_Task item_
Entries below include pictures. Output exactly the lines from the one with "CraigChristian" down to the one with "Fado Camoes（アナログレコード） 送料無料", both ends included, and leave the pictures out.

■ ■ ■ ■ ■

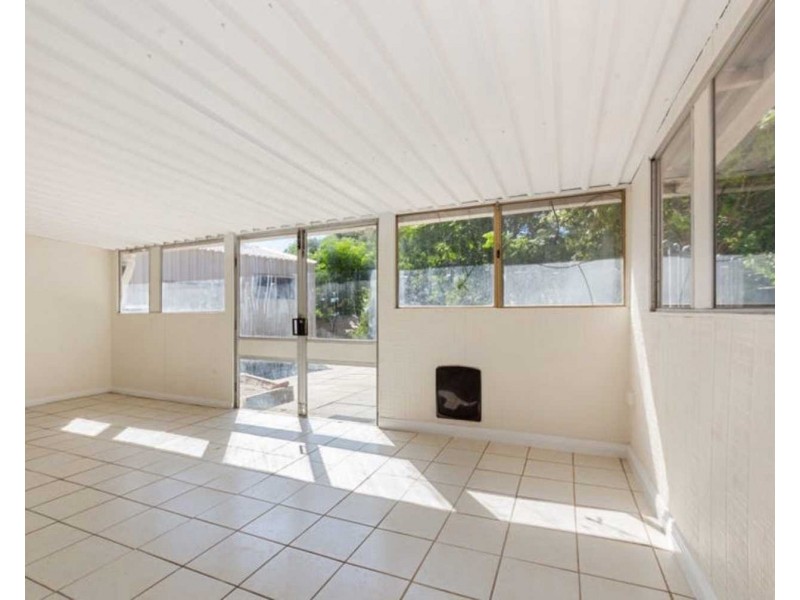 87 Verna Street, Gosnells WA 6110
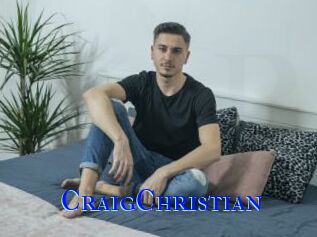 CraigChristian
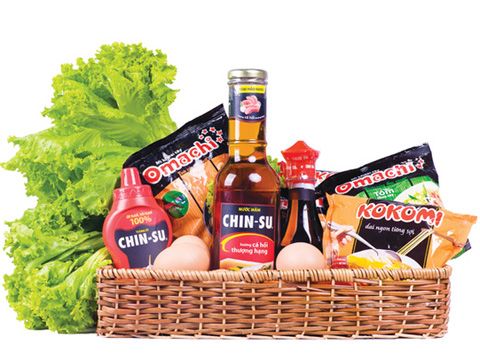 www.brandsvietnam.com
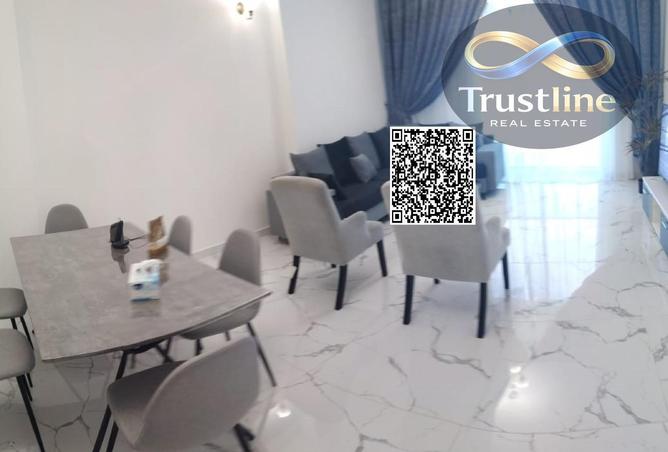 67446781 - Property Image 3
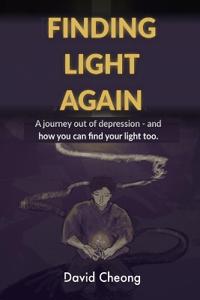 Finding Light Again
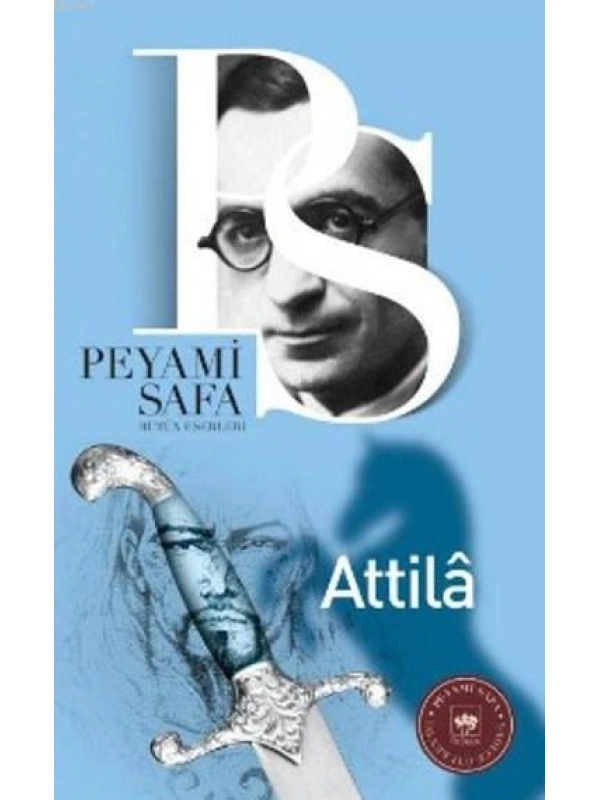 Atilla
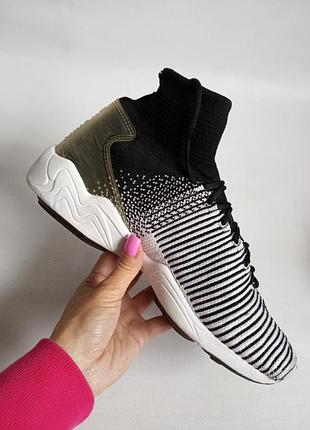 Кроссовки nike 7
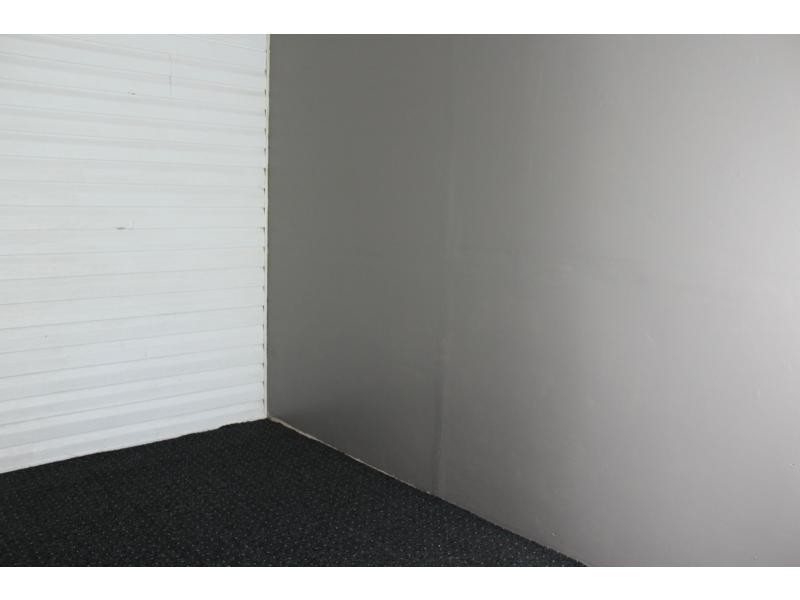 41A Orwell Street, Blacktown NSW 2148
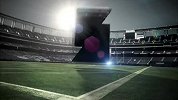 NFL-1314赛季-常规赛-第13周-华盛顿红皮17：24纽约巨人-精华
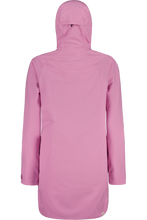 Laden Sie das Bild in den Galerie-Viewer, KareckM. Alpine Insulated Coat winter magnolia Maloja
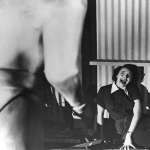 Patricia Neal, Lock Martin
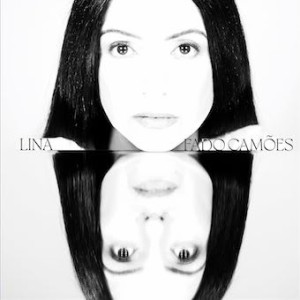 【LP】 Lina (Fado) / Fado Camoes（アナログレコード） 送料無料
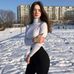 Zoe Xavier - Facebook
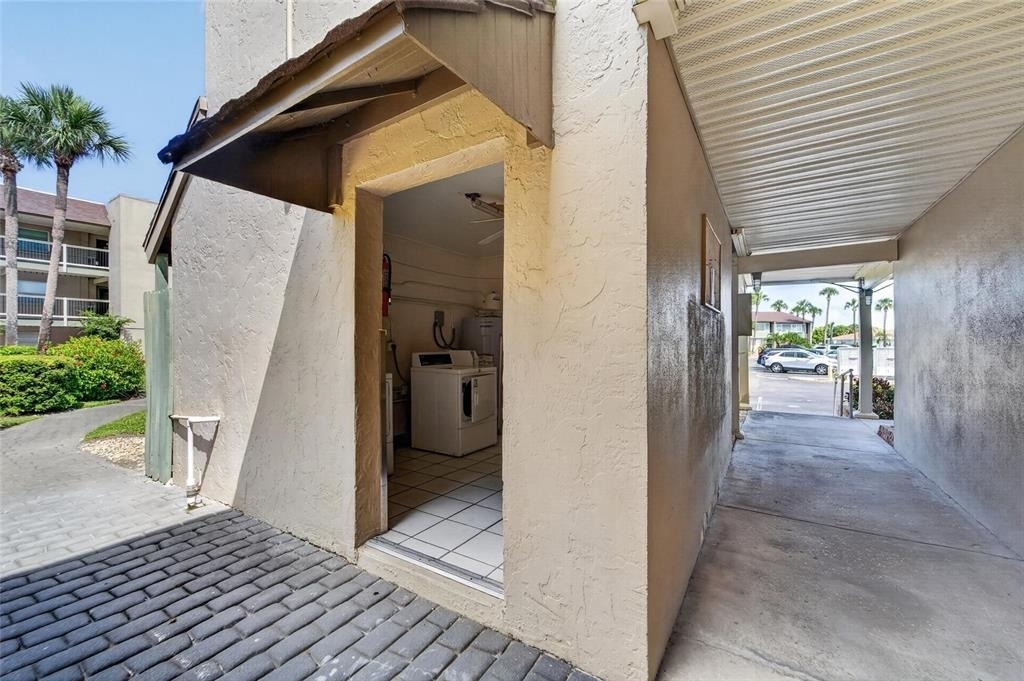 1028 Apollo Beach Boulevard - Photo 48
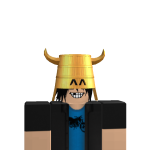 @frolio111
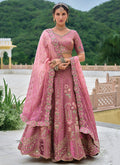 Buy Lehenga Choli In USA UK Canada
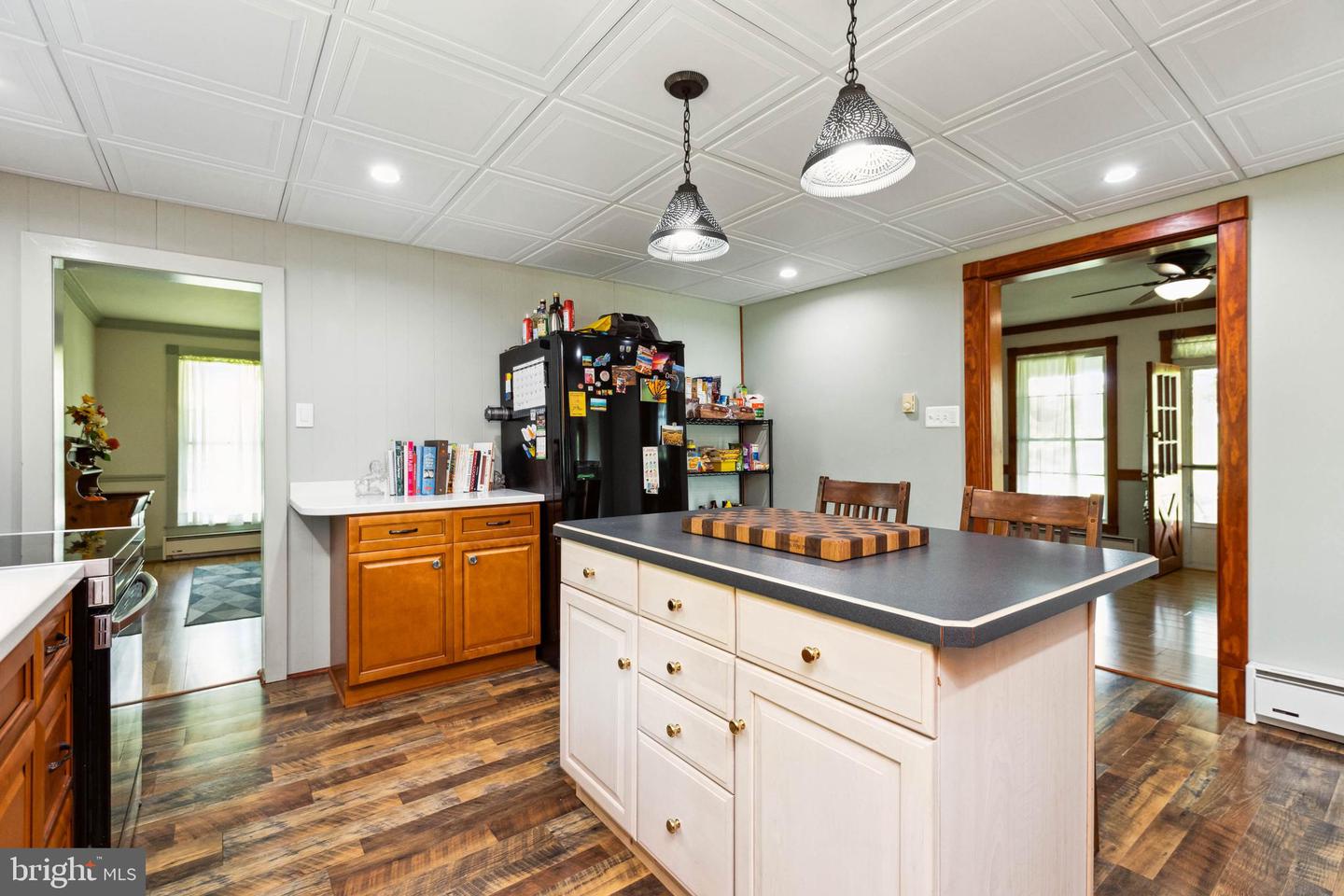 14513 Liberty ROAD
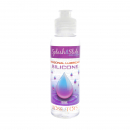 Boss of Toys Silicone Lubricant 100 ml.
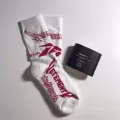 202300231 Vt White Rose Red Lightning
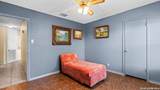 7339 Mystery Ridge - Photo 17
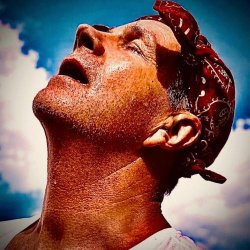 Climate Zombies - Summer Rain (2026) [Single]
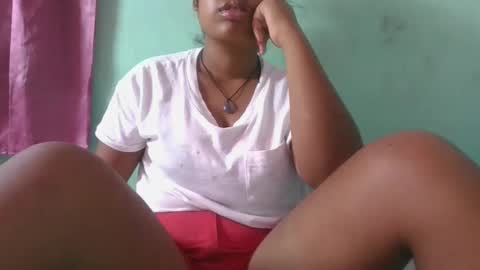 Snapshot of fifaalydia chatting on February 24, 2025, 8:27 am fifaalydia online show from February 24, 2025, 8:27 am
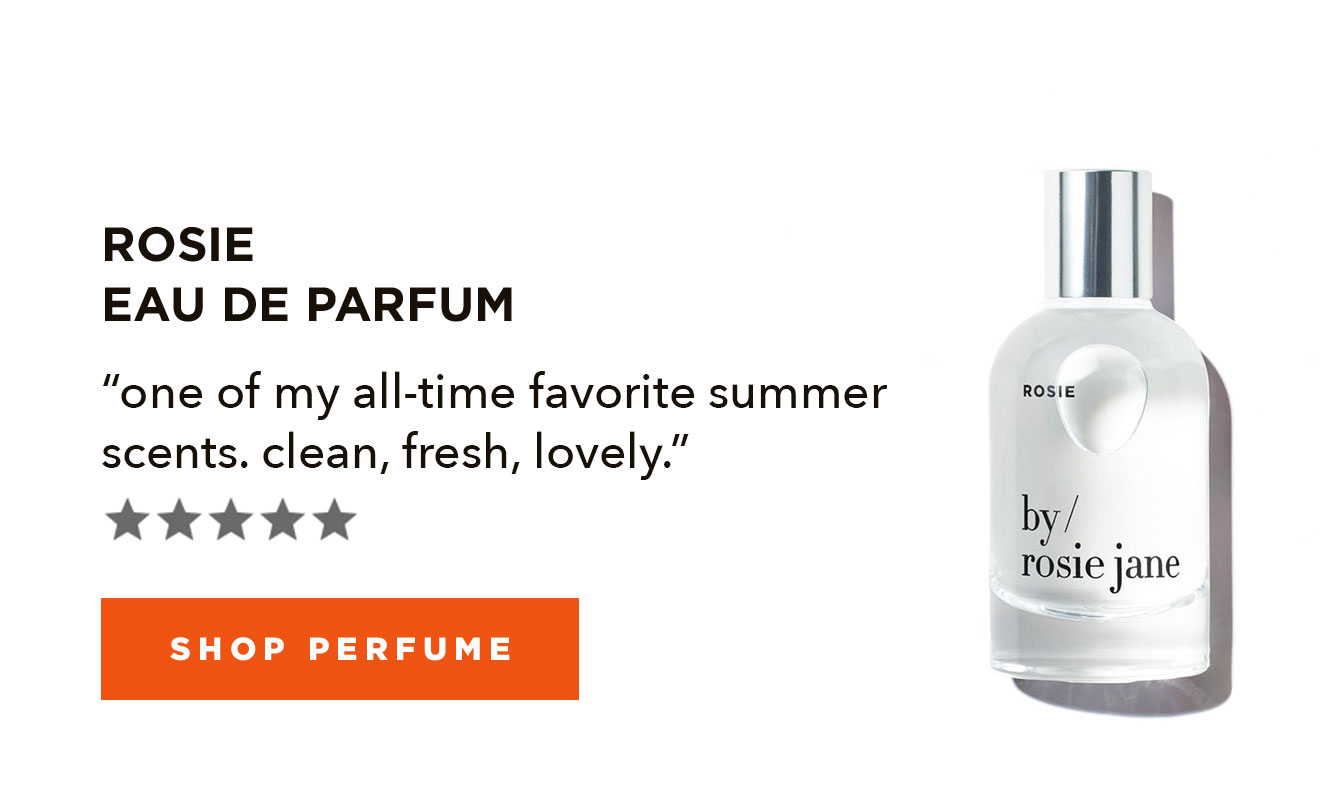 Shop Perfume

■ ■ ■ ■ ■

_Task answer_
 CraigChristian
 www.brandsvietnam.com
 67446781 - Property Image 3
 Finding Light Again
 Atilla
 Кроссовки nike 7
 41A Orwell Street, Blacktown NSW 2148
 NFL-1314赛季-常规赛-第13周-华盛顿红皮17：24纽约巨人-精华
 Laden Sie das Bild in den Galerie-Viewer, KareckM. Alpine Insulated Coat winter magnolia Maloja
 Patricia Neal, Lock Martin
 【LP】 Lina (Fado) / Fado Camoes（アナログレコード） 送料無料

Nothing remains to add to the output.